My research and teaching engage with the debates, institutions, and reading practices that shape literary writing in modern and contemporary China. I am currently writing a book tentatively titled Tales of Futures Past: Literature and Anticipation in Contemporary China, which explores the visions of future worlds emerging from Chinese literature in the second half of the twentieth century. The book reconsiders the relation between socialist and postsocialist literature by linking together science fiction, experimental writing, and translation practices, with a focus on the 1950s and the 1980s. It interweaves two threads of inquiry: one that takes literature as an archive of past tales about the future, and the other that looks at how rhetorics of the future have shaped literary practices. While the first focuses on the literary texts themselves, the second considers the narratives about impending futures of literature mobilized within and across Chinese and global communities of writers, translators, editors, and critics. At the center of this study lies the notion of "anticipation," by which I mean the anxieties and hopes that also reconfigure the past. What is at stake for me in this project is a reappraisal of the historicity of literature as a partly opaque world of fictive possibilities, and of the enduring relevance of a notion of modernity as a forward-oriented mode of experiencing time.

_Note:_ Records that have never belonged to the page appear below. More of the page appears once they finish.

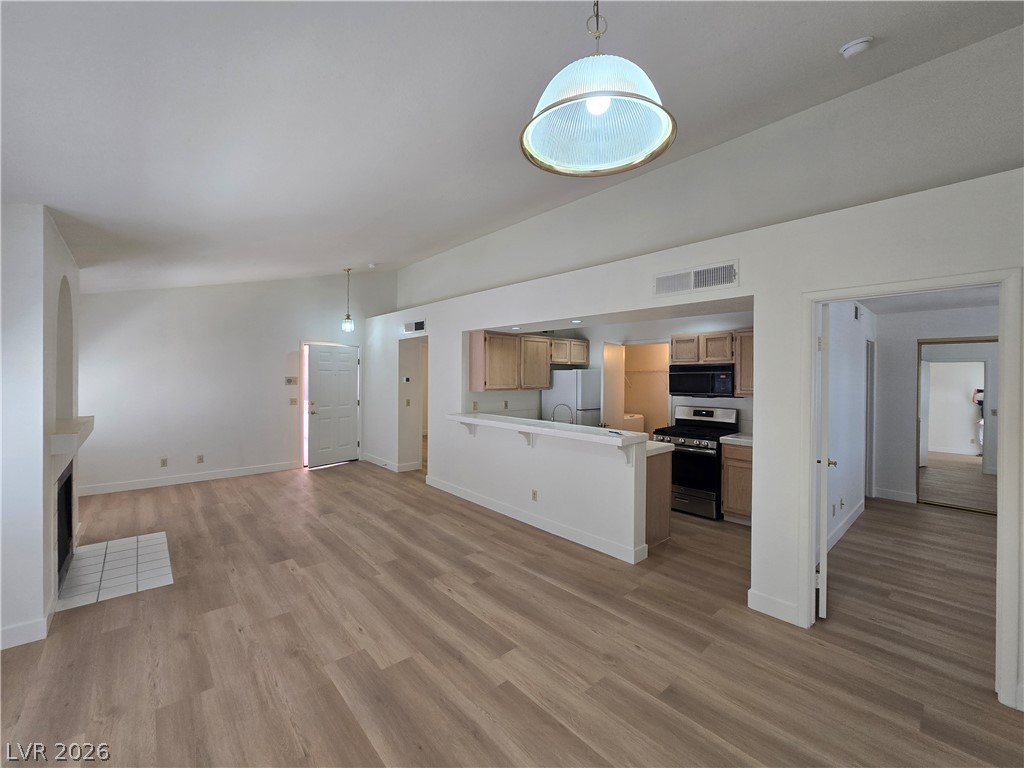 7570 West Flamingo Road 206 Property Photo 11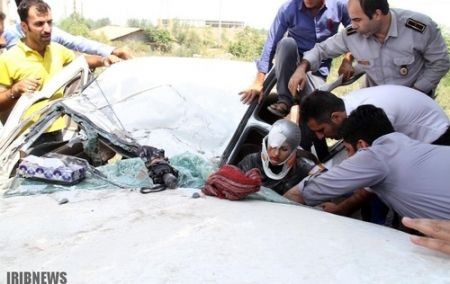  انحراف سمند در جاده هراز و برخورد شدید با یک مغازه ,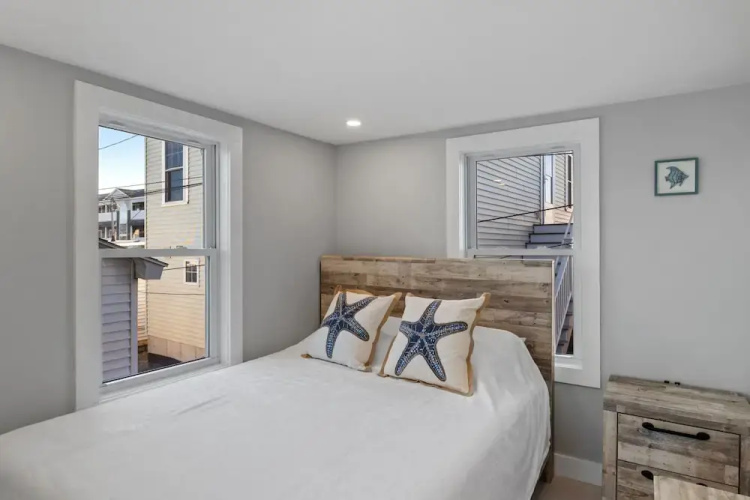 Modern Condo Perfect For Winter Rental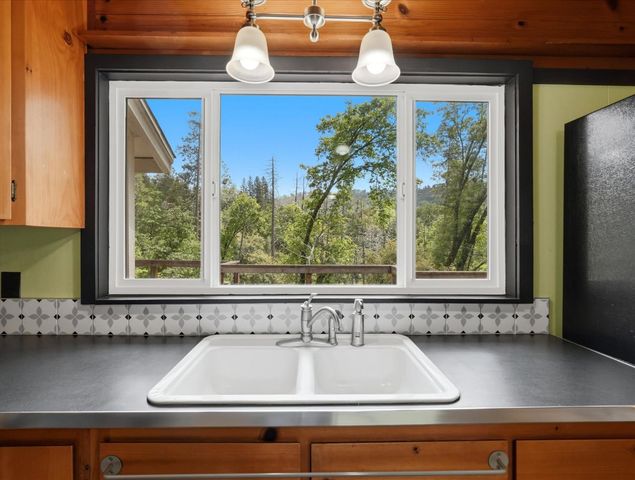 60036 Cascadel Drive S, North Fork, CA 93643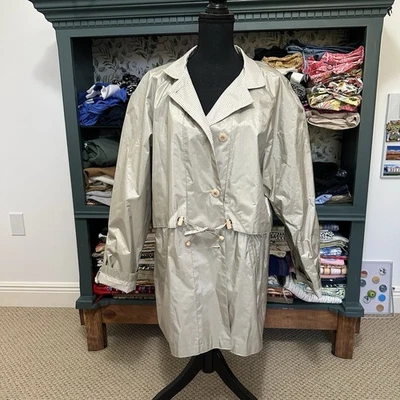 Casaco de chuva feminino TOTES com capuz bolsos frontais com zíper tamanho M - Imagem 1 de 4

I have a strong interest in cinema and media studies, particularly in postwar cinema and in contemporary documentary film. Documentary film is also at the center of my second project, which focuses on the dialectics of amateurism and professionalism, art and activism in contemporary Chinese culture.

I am generally interested in the interaction between different arts and media. My colleague Judith Zeitlin and I co-organized a symposium titled "Chinese Opera Film after 1949" at Chicago in April 2009. Many of the papers presented there were then published in a special double issue of The Opera Quarterly, for which I wrote the introduction. I recently started a project on 1960s Taiwanese opera film, which I hope to present at the follow-up conference on Sinophone opera film to be held in Beijing that we are organizing with our colleague Xinyu Dong in Cinema and Media Studies and with scholars based in China.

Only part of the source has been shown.